PROBLEM
For each record below, output its text exactly and skip any picture.

* * *

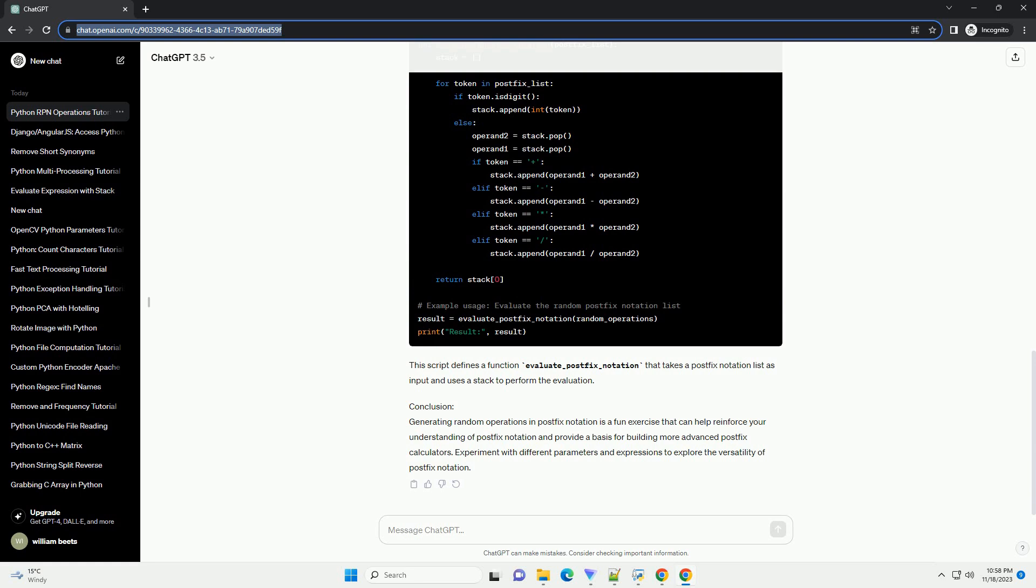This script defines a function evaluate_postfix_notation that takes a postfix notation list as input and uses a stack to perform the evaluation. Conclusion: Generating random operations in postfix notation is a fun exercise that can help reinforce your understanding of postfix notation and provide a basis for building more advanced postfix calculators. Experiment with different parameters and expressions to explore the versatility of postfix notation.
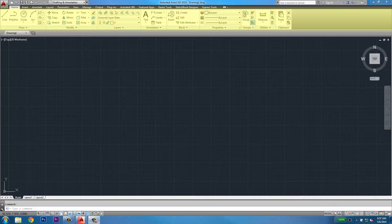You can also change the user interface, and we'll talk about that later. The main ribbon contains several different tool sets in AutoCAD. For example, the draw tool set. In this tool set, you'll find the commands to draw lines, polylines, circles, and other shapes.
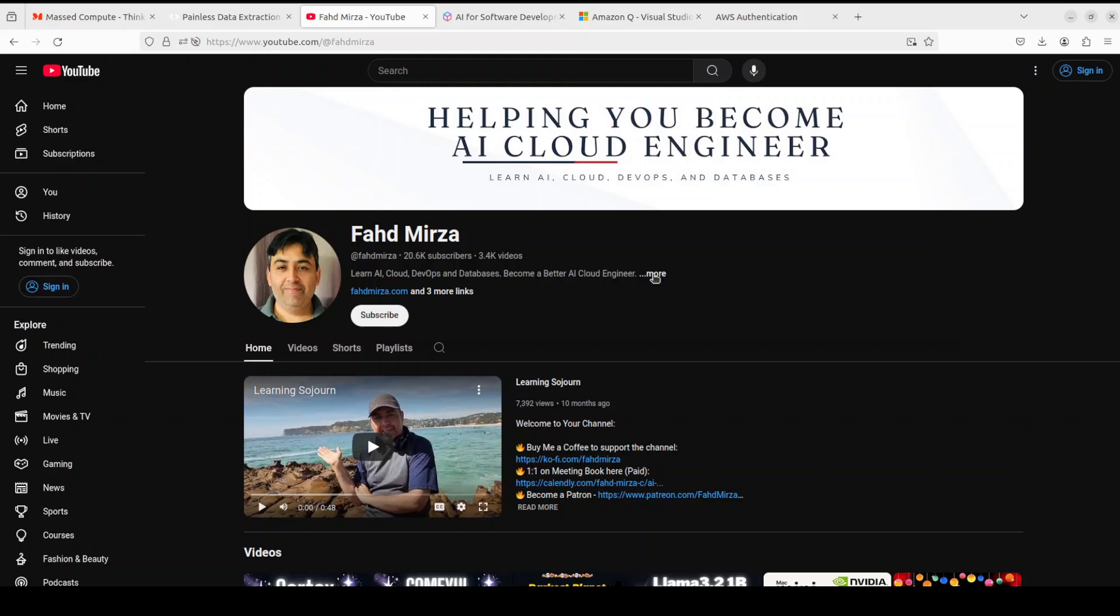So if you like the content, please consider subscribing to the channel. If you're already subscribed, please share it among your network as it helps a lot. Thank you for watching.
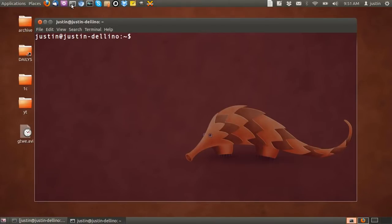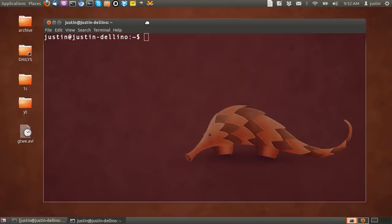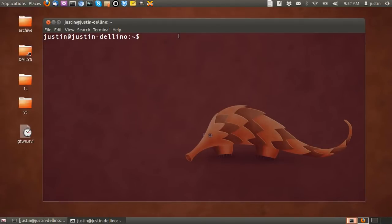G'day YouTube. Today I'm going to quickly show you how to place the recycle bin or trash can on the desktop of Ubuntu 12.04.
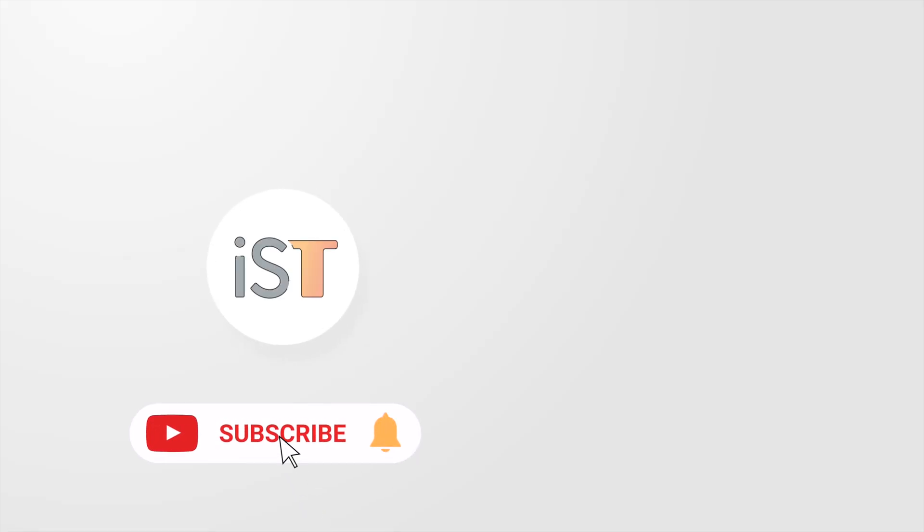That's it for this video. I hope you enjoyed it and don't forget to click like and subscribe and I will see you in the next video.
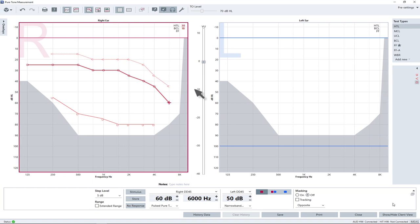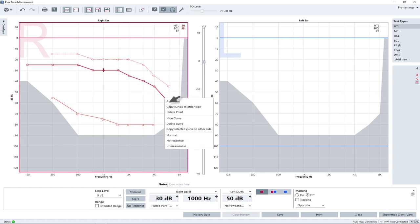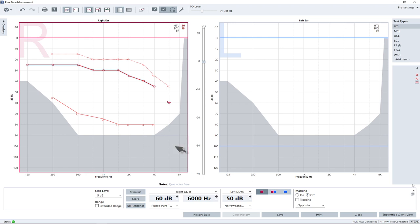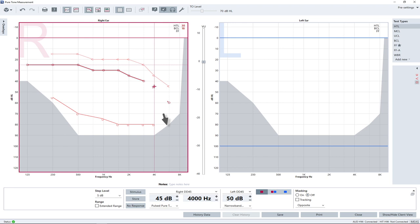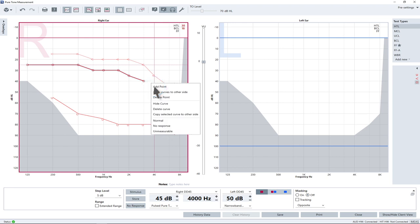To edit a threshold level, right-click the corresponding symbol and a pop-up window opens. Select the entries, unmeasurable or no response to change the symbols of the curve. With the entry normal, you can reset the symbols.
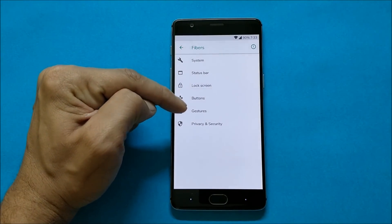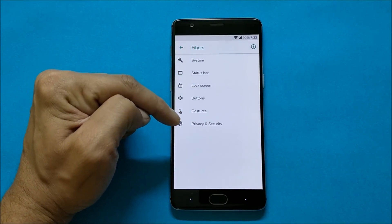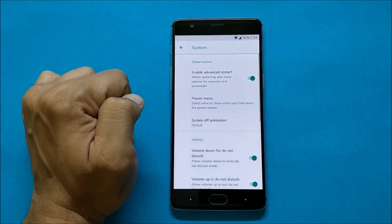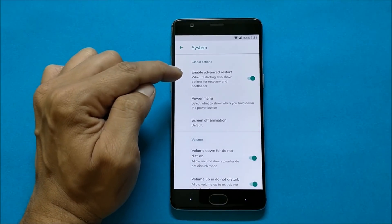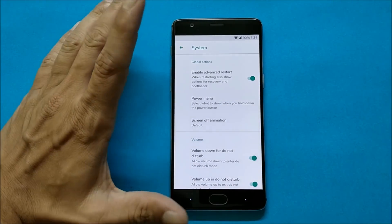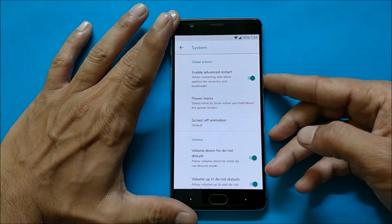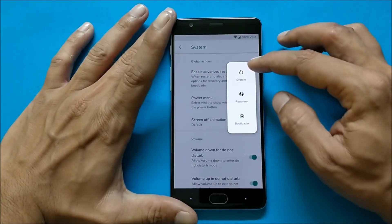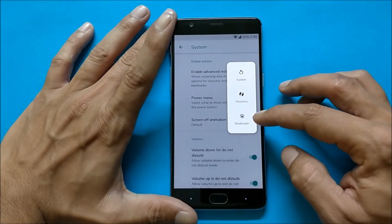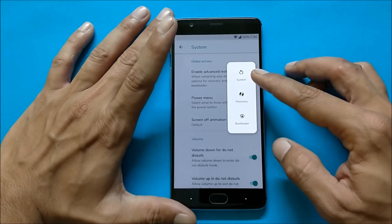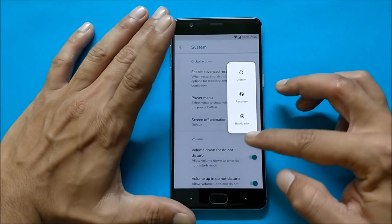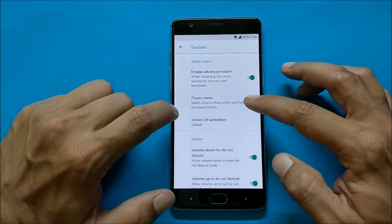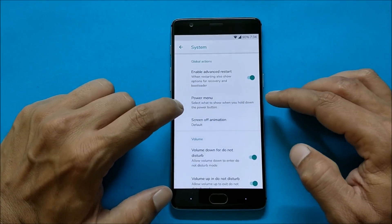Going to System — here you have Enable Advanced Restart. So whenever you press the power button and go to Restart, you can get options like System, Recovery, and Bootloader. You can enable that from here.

* * *

FINISHED EXERCISE
This script defines a function evaluate_postfix_notation that takes a postfix notation list as input and uses a stack to perform the evaluation. Conclusion: Generating random operations in postfix notation is a fun exercise that can help reinforce your understanding of postfix notation and provide a basis for building more advanced postfix calculators. Experiment with different parameters and expressions to explore the versatility of postfix notation.
You can also change the user interface, and we'll talk about that later. The main ribbon contains several different tool sets in AutoCAD. For example, the draw tool set. In this tool set, you'll find the commands to draw lines, polylines, circles, and other shapes.
So if you like the content, please consider subscribing to the channel. If you're already subscribed, please share it among your network as it helps a lot. Thank you for watching.
G'day YouTube. Today I'm going to quickly show you how to place the recycle bin or trash can on the desktop of Ubuntu 12.04.
That's it for this video. I hope you enjoyed it and don't forget to click like and subscribe and I will see you in the next video.
To edit a threshold level, right-click the corresponding symbol and a pop-up window opens. Select the entries, unmeasurable or no response to change the symbols of the curve. With the entry normal, you can reset the symbols.
Going to System — here you have Enable Advanced Restart. So whenever you press the power button and go to Restart, you can get options like System, Recovery, and Bootloader. You can enable that from here.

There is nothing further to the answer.